Florida to end all state mandates on vaccines


1 of 2 | Florida is moving to end all mandates for vaccines. Gov. Ron DeSantis (pictured in 2024) has endorsed the move and said his administration can end some of the mandates, but the Florida Legislature would have to end others. File Photo by Tannen Maury/UPI | License Photo
Decades-old Florida vaccine mandates are going to end soon, Florida Surgeon General Joseph Ladapo announced on Wednesday.
The state mandates vaccines for schoolchildren, including those that protect against chickenpox, measles-mumps-rubella, polio and Hepatitis B.

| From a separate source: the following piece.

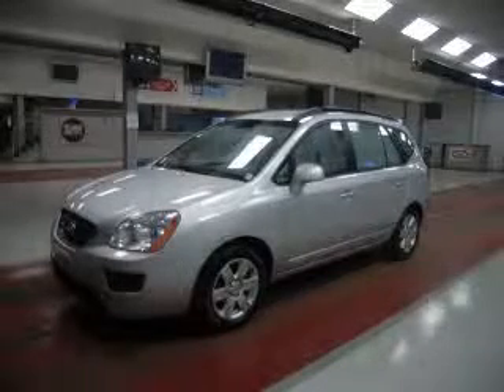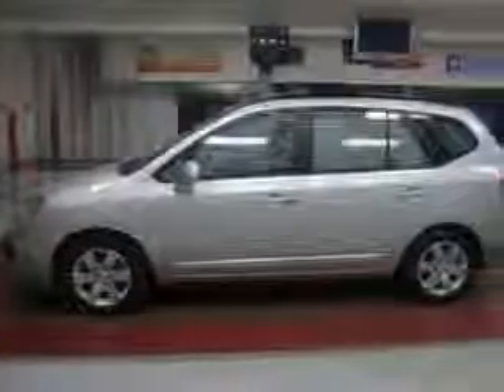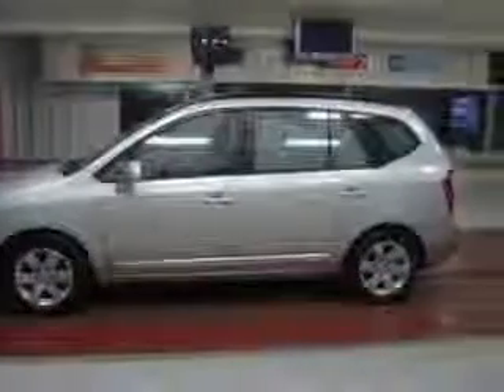We are proud to present this excellent 2008 Kia Rondo. This Rondo has a 2.7L V6 engine and an automatic transmission. This vehicle has a silver exterior and includes the following options:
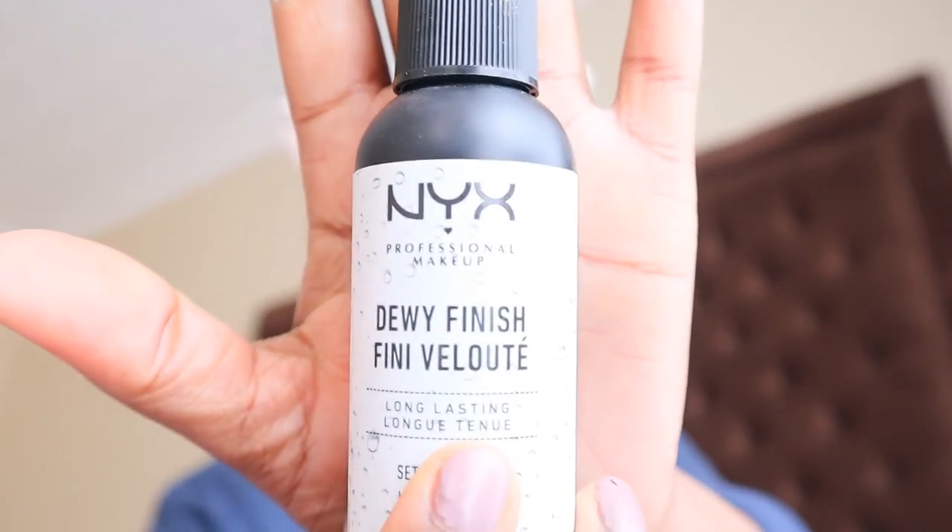I'm just gonna wait for the mascara to dry out. While I'm waiting, I'm gonna go in with this setting spray — this is the NYX Dewy Finish setting spray. It is one of the best setting sprays I've ever used. I always use a setting spray before I do my mouth. The girl is looking nice, the girl is looking pretty.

Ladapo likened the vaccine mandates to “slavery” and said they will end while announcing the pending change during a news conference at Grace Christian School in Valrico, the Tampa Bay Times reported.
He said the state has mandates for about half a dozen vaccines, which will be repealed.
“All of them. Every last one of them,” Ladapo said. “Who am I as a man standing here now to tell you what you should put in your body?”
Florida Gov. Ron DeSantis has endorsed the move and said his administration can end some of the mandates, but the Florida Legislature would have to end others, The Washington Post reported.
The proposed change has drawn criticism from experts in public health.
“We can expect that measles will come roaring back,” pediatrician Paul Offit told The Washington Post.
“Other infectious diseases will follow,” Offit continued. “This is an unprecedented move that will only put our children at unnecessary risk.”
Over the past 50 years, vaccines have saved an estimated 154 million lives, most of whom were infants, according to the World Health Organization.
Vaccines generate herd immunity against particular diseases, which requires a vaccination rate of at least 94% within a defined population to attain, according to the Mayo Clinic.
Ladapo is a noted skeptic of vaccine mandates, as is U.S. Health and Human Services Secretary Robert Kennedy Jr.